Task: Strip the pictures, then copy the remaining data exactly as it stands.

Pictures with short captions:
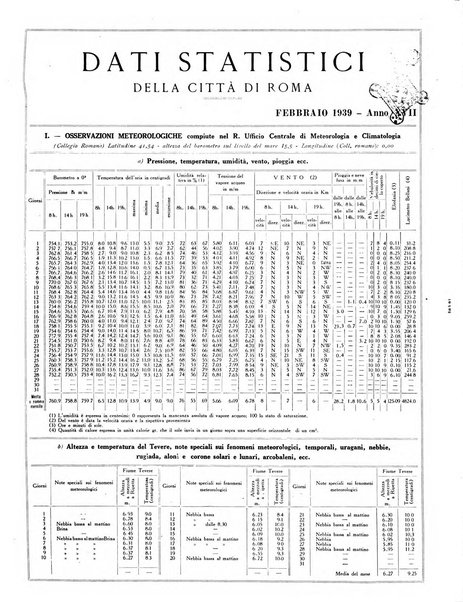 Capitolium rassegna mensile del Governatorato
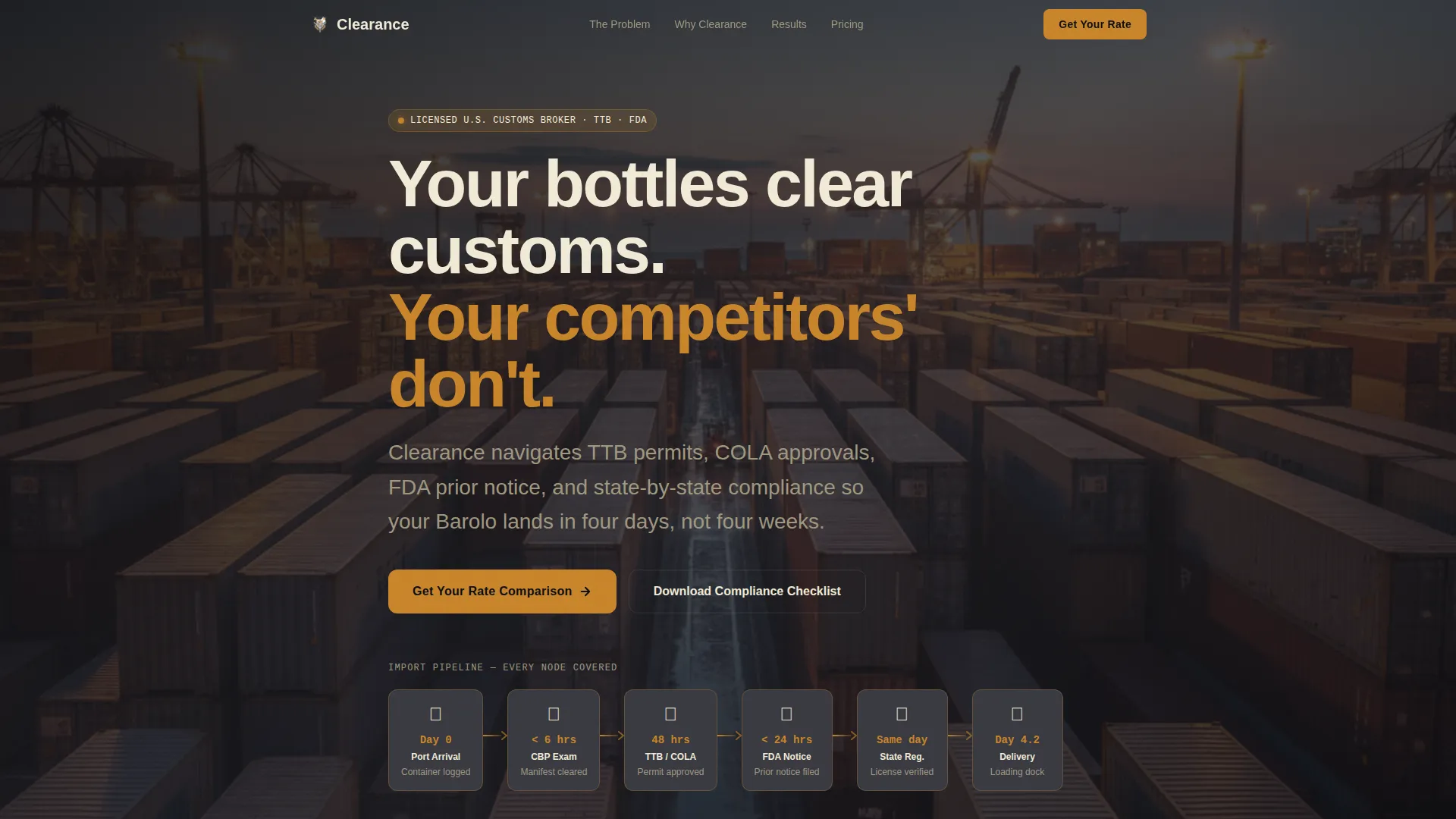 Reliable Trade-Compliance | Free Website Template | Rocket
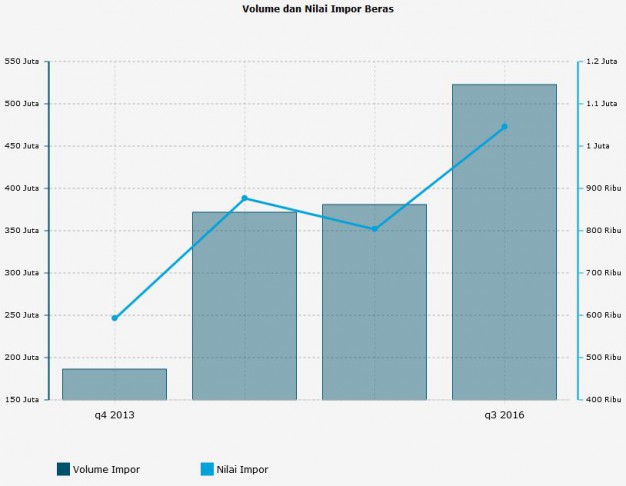 volume dan nilaiimpor beras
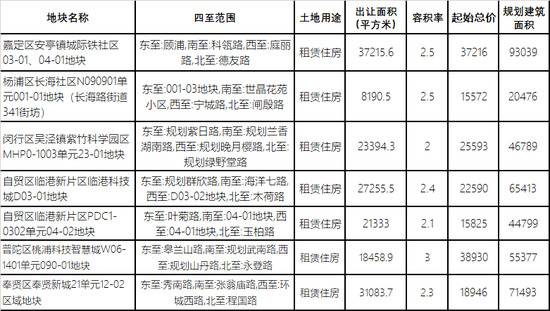 上海集中推出7宗租赁住宅地块 至少提供7413套租赁住房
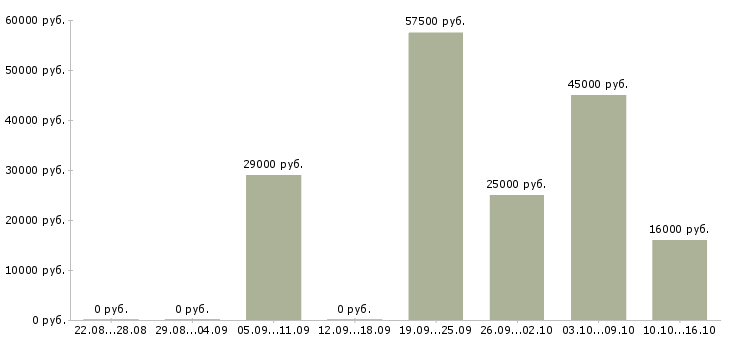 Вакансии оператор системы видеонаблюдения в Москве - Медиана зарплат оператор системы видеонаблюдения в Москве за 2 месяца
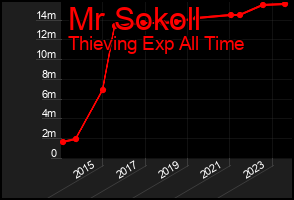 Total Graph of Mr Sokoll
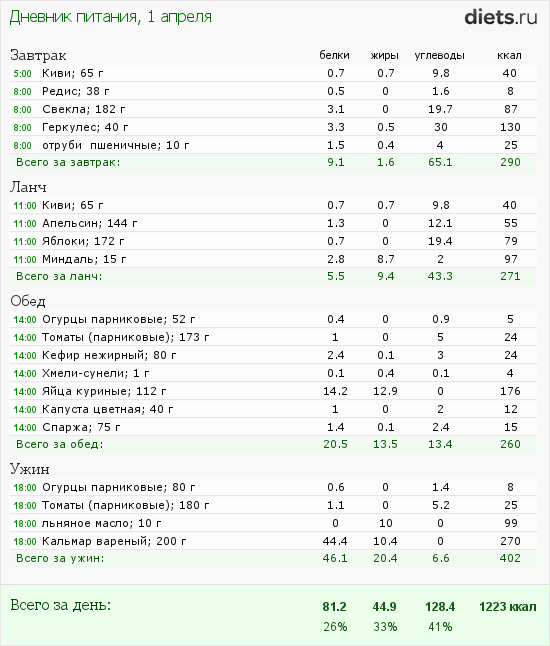 http://www.diets.ru/data/dp/2012/0401/456418.png?rnd=2401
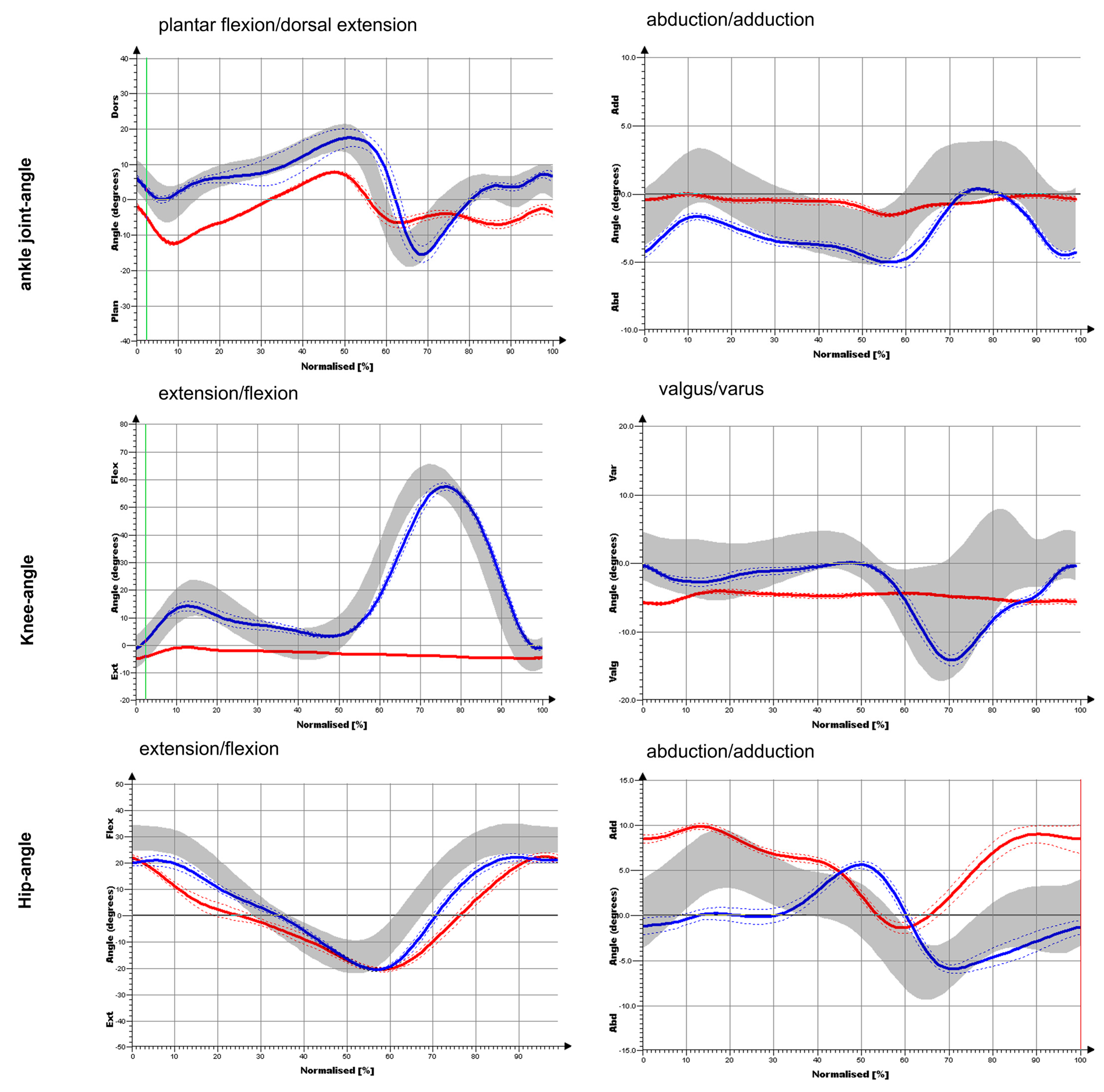 Medicina 58 00696 g004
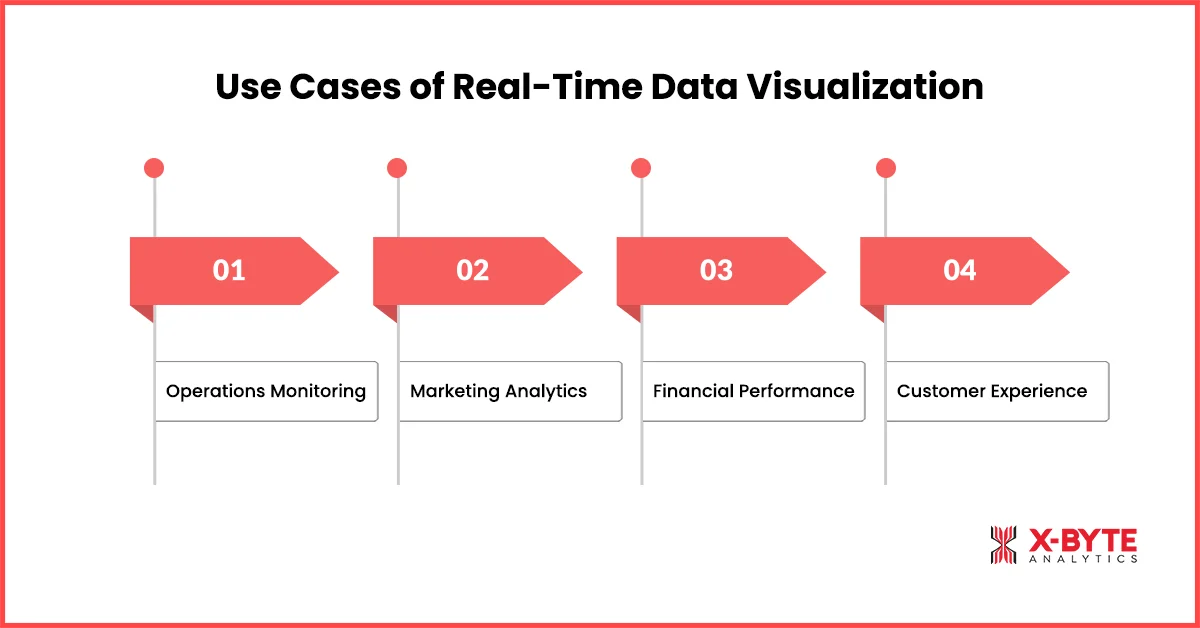 use-cases-of-real-time-data-visualization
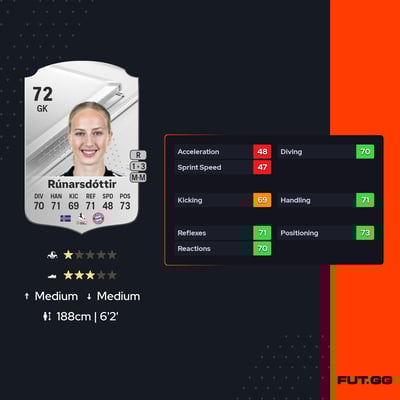 Cecilía Rán Rúnarsdóttir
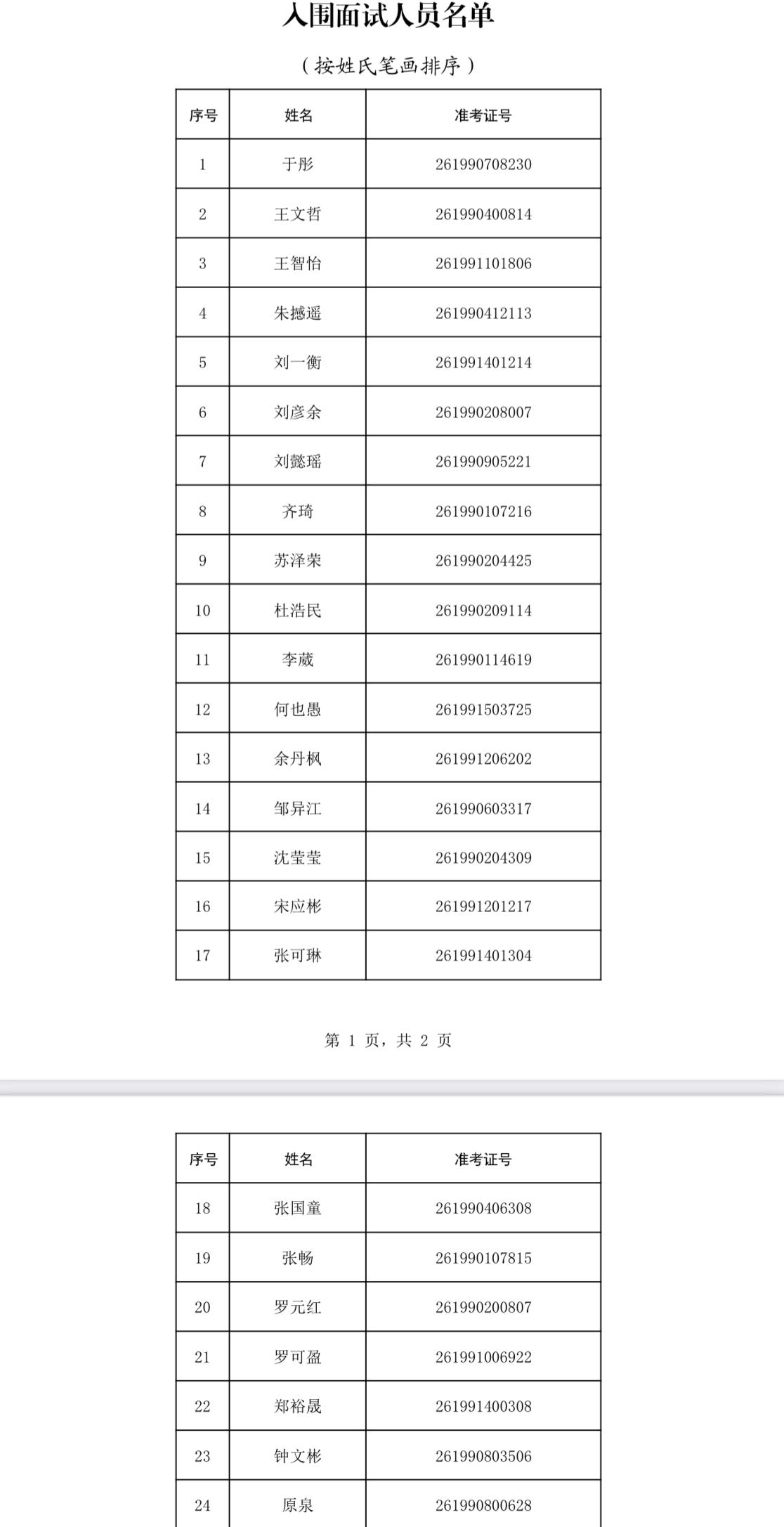 速查！广州越秀事业单位面试公告发布📌发布单位：广东省财政厅⏰面试时间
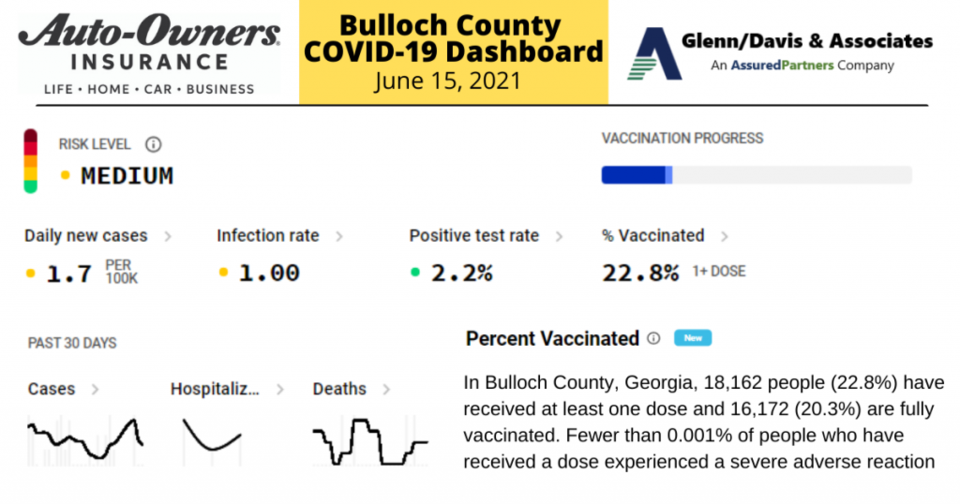 fully vaccinated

Expected answer:
 Capitolium rassegna mensile del Governatorato
 Reliable Trade-Compliance | Free Website Template | Rocket
 volume dan nilaiimpor beras
 上海集中推出7宗租赁住宅地块 至少提供7413套租赁住房
 Вакансии оператор системы видеонаблюдения в Москве - Медиана зарплат оператор системы видеонаблюдения в Москве за 2 месяца
 Total Graph of Mr Sokoll
 http://www.diets.ru/data/dp/2012/0401/456418.png?rnd=2401
 Medicina 58 00696 g004
 use-cases-of-real-time-data-visualization
 Cecilía Rán Rúnarsdóttir
 速查！广州越秀事业单位面试公告发布📌发布单位：广东省财政厅⏰面试时间
 fully vaccinated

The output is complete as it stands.